Bei Schweinsteiger besteht die Hoffnung, dass er im Rückspiel am kommenden Dienstag wieder dabei ist. Alaba und Robben werden definitiv fehlen, für Ribery wird die Zeit extrem knapp.
Rummenigge hat großes Vertrauen
In Hoffenheim (Samstag, 15.30 Uhr im LIVE-TICKER) dürfte Guardiola gezwungen sein, dem ein oder anderen müden Leistungsträgern eine Pause einzuräumen. Kräfte sammeln und Gedanken ordnen sind oberste Prämissen der Bayern für das CL-Rückspiel. "Wir dürfen jetzt nicht die Nerven verlieren", sagte Sportvorstand Matthias Sammer. "Es wird schwer, aber wir sind noch nicht ausgeschieden."

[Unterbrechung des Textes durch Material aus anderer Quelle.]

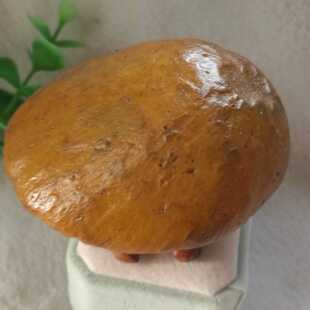 纯天然马岛玛瑙原石摆件，茅檐，滴水檐。造型别致，小巧把玩件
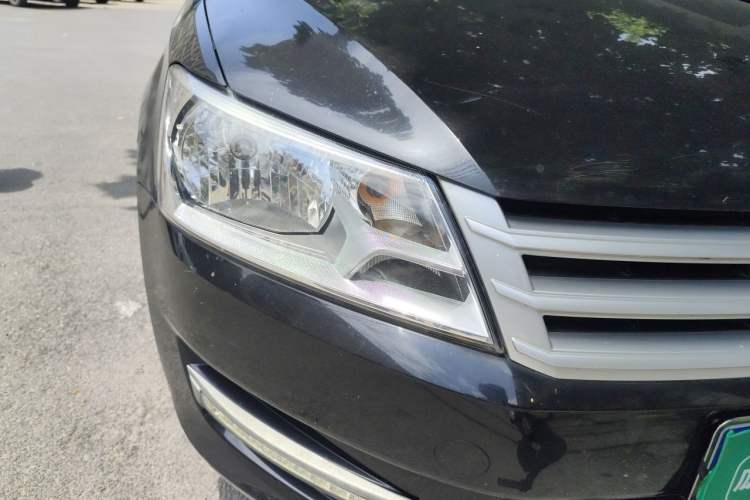 Used Volkswagen Santana 2013 1.4L Manual Fashion Edition Right Front Headlight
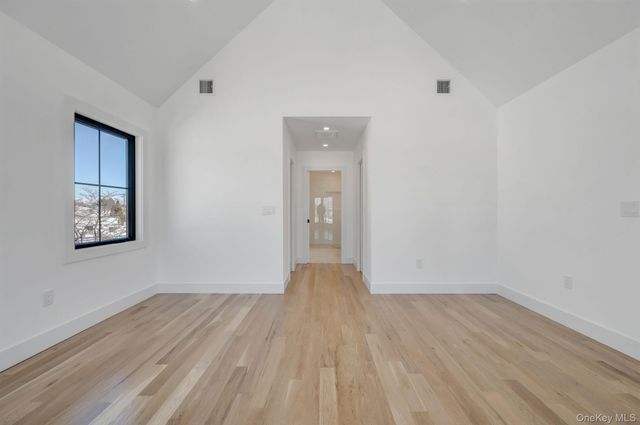 35 Cotton Lane, Levittown, NY 11756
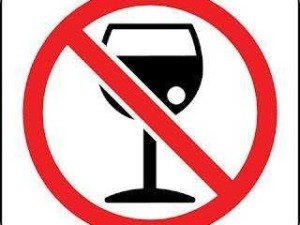 Divieto di bere alcool, simbolo di limitazione consumo di bevande alcoliche in ambienti pubblici o certi luoghi.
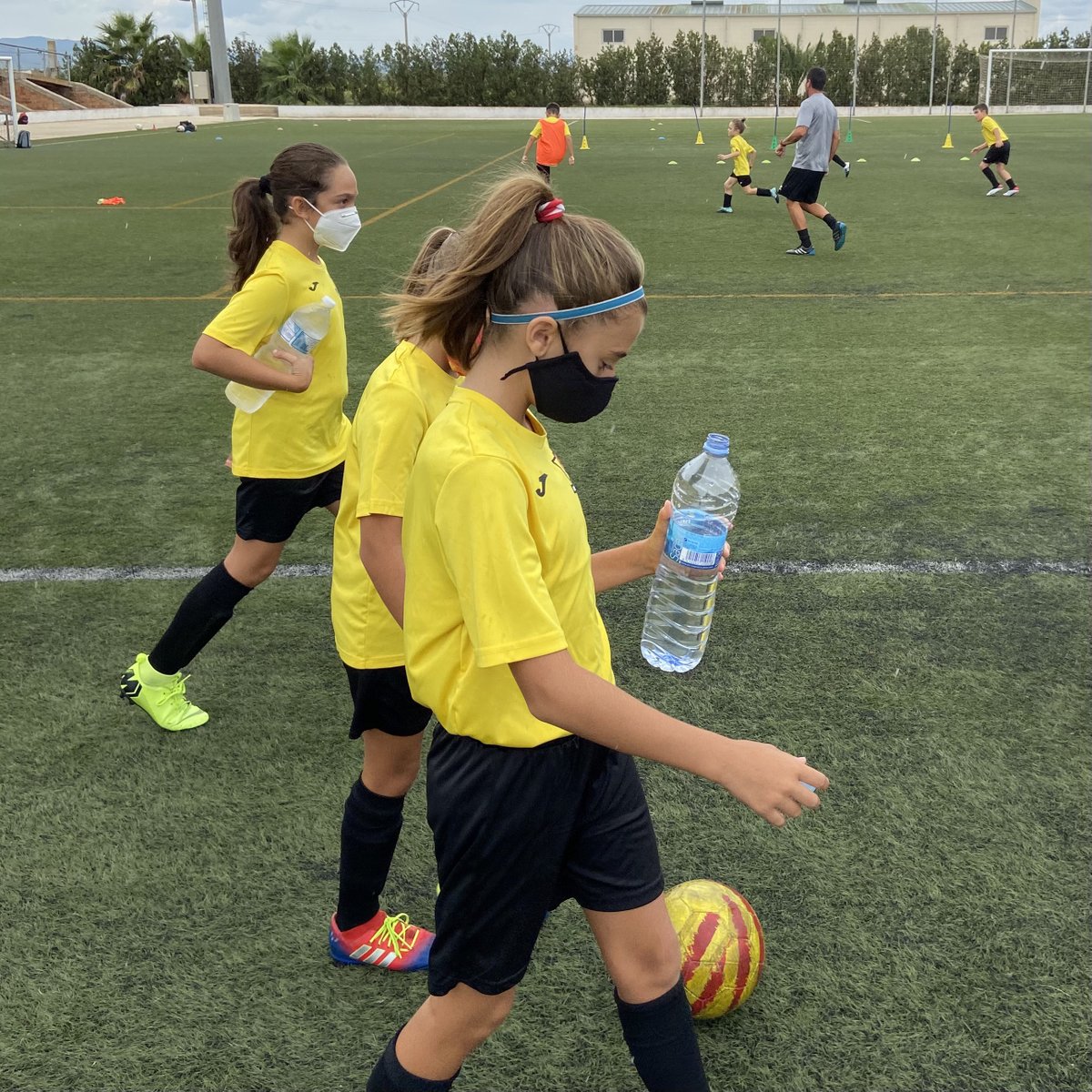 EFDelta's tweet image. 😷 Arriba un nou cap de setmana i seguim sense partits, ni sense poder entrenar...

💪 Esperem poder tornar a fer el que més ens agrada ben aviat!

👉 Cuidem-nos, cuideu-vos!

#EscolaDelta #FormacióAmbValors #Educació #Valors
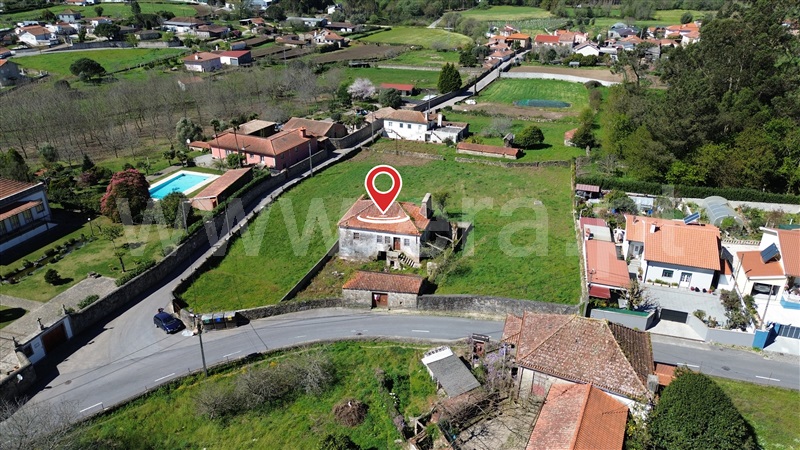 Moradia em Barroselas e Carvoeiro, €103.000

Rummenigge bemühte ein deutsches Sprichwort: "Man soll den Tag nicht vor dem Abend loben. Auf unsere Situation gemünzt, würde ich sagen: Man soll den Tag nicht vor dem Abend kritisieren. Ich habe großes Vertrauen. Und ich glaube, Sie alle haben großes Vertrauen zu dieser großartigen Mannschaft, zu diesem großartigen Trainer."
Das müssen die Großartigen in fünf Tagen aber auch zurückzahlen.